(INFORMATION GIVEN begins)
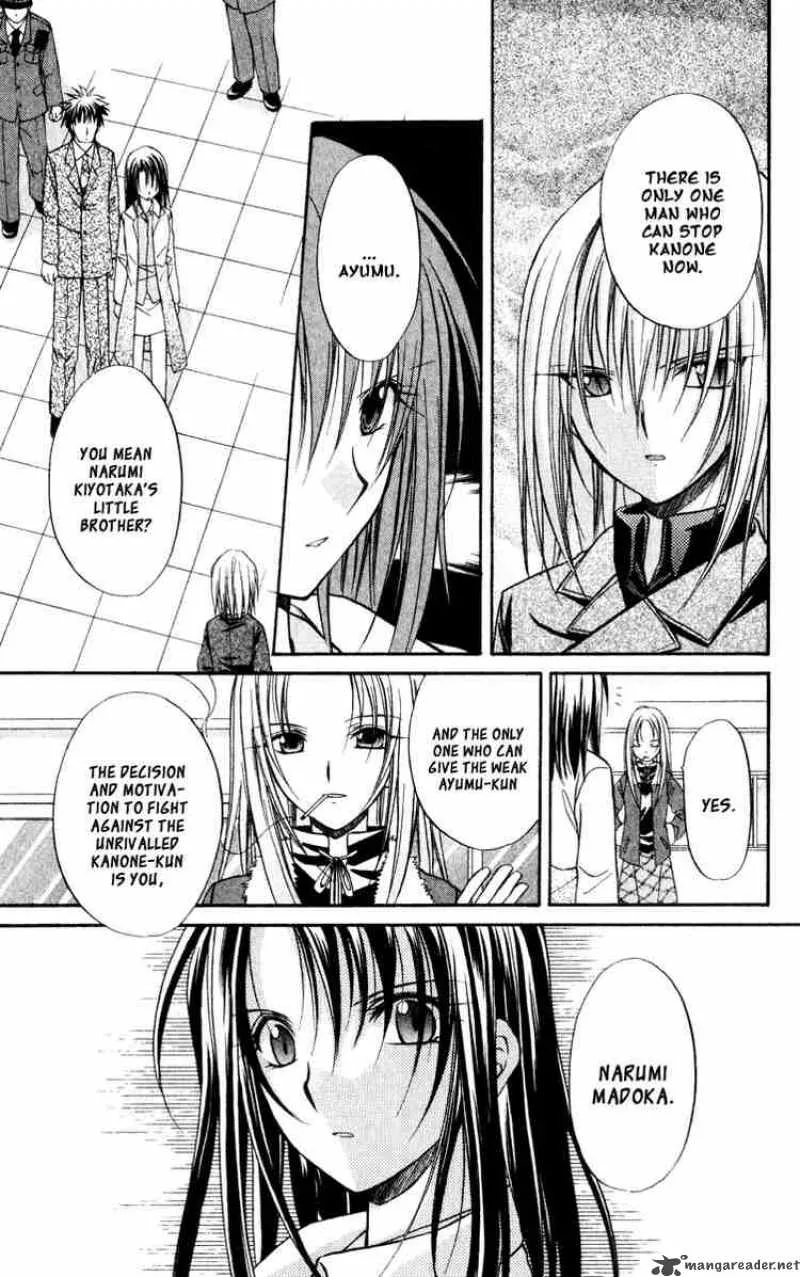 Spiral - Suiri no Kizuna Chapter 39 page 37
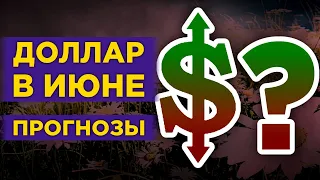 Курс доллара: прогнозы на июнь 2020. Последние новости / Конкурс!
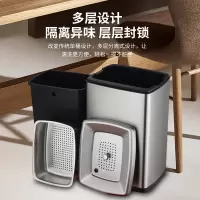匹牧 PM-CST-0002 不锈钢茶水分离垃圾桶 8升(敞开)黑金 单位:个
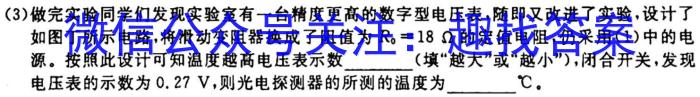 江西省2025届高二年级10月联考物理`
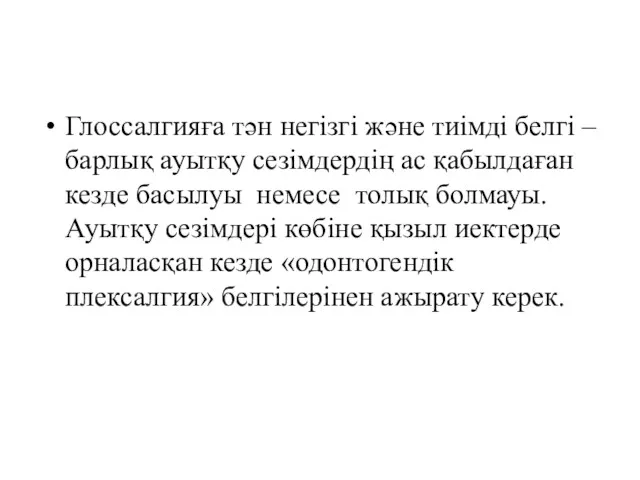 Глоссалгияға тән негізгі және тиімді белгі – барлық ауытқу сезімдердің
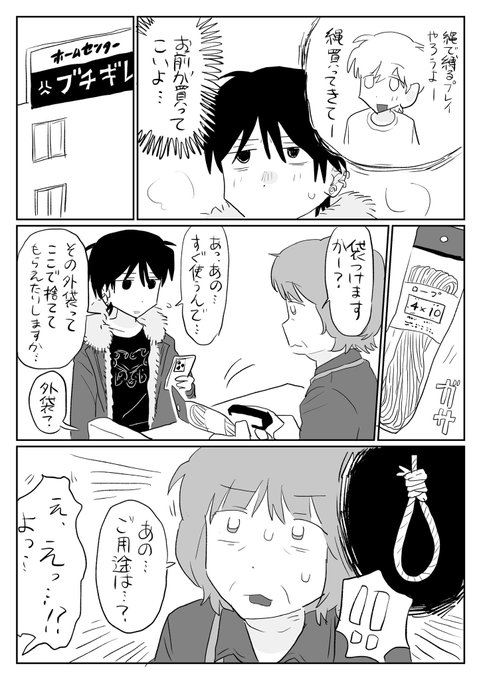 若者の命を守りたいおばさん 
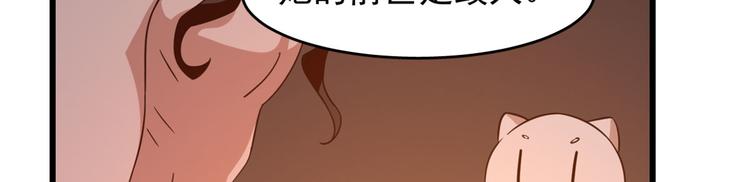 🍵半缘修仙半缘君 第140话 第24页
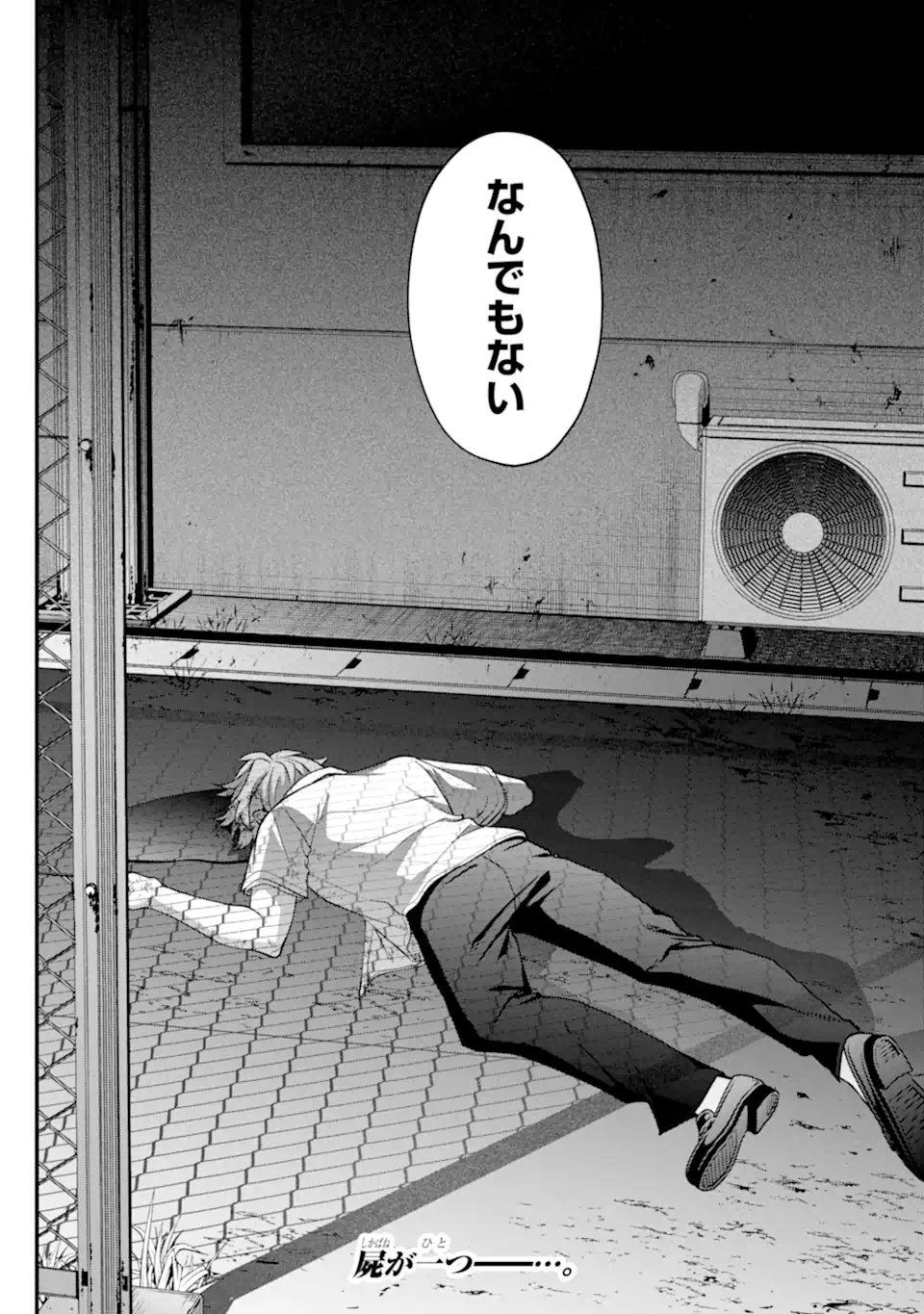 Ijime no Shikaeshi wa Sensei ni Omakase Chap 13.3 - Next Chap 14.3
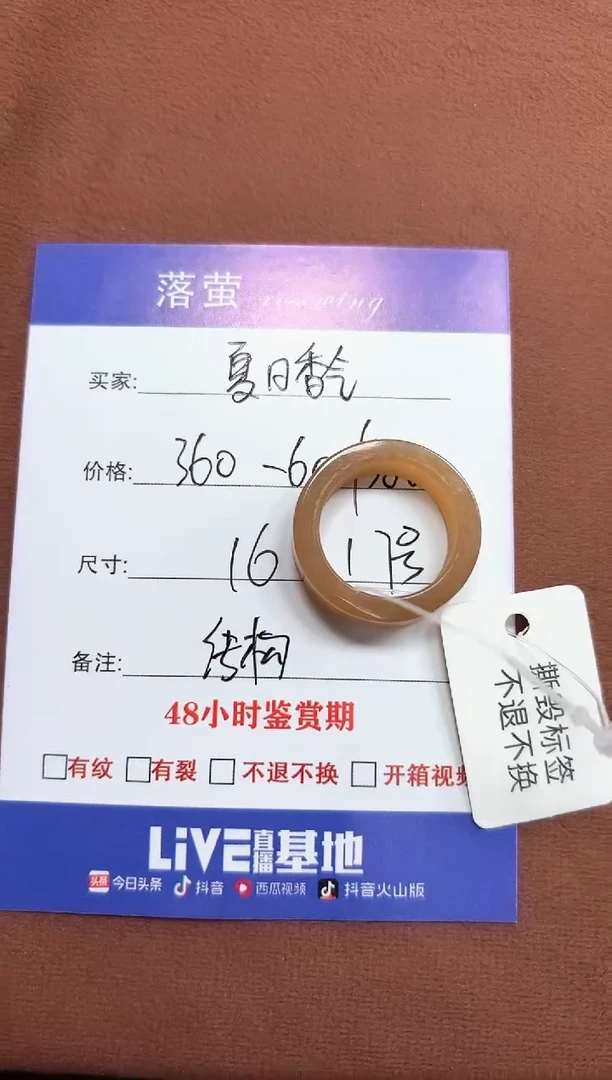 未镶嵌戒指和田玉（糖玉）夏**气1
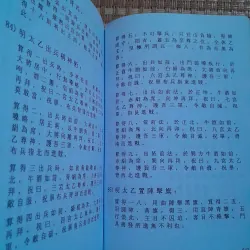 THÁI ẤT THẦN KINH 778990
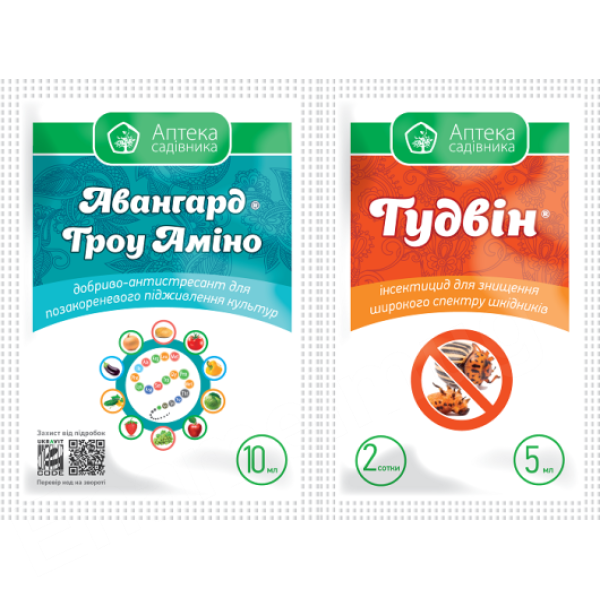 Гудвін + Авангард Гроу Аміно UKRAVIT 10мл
(INFORMATION GIVEN ends)
_TASK ITEM:_ Reproduce verbatim every line starting at the line that holds "匹牧 PM-CST-0002 不锈钢茶水分离垃圾桶 8升(敞开)黑金 单位:个" and ending with the final line of the data; omit the pictures.

_ANSWER TO THIS PROBLEM:_
匹牧 PM-CST-0002 不锈钢茶水分离垃圾桶 8升(敞开)黑金 单位:个
 江西省2025届高二年级10月联考物理`
 Глоссалгияға тән негізгі және тиімді белгі – барлық ауытқу сезімдердің
 若者の命を守りたいおばさん 
 🍵半缘修仙半缘君 第140话 第24页
 Ijime no Shikaeshi wa Sensei ni Omakase Chap 13.3 - Next Chap 14.3
 未镶嵌戒指和田玉（糖玉）夏**气1
 THÁI ẤT THẦN KINH 778990
 Гудвін + Авангард Гроу Аміно UKRAVIT 10мл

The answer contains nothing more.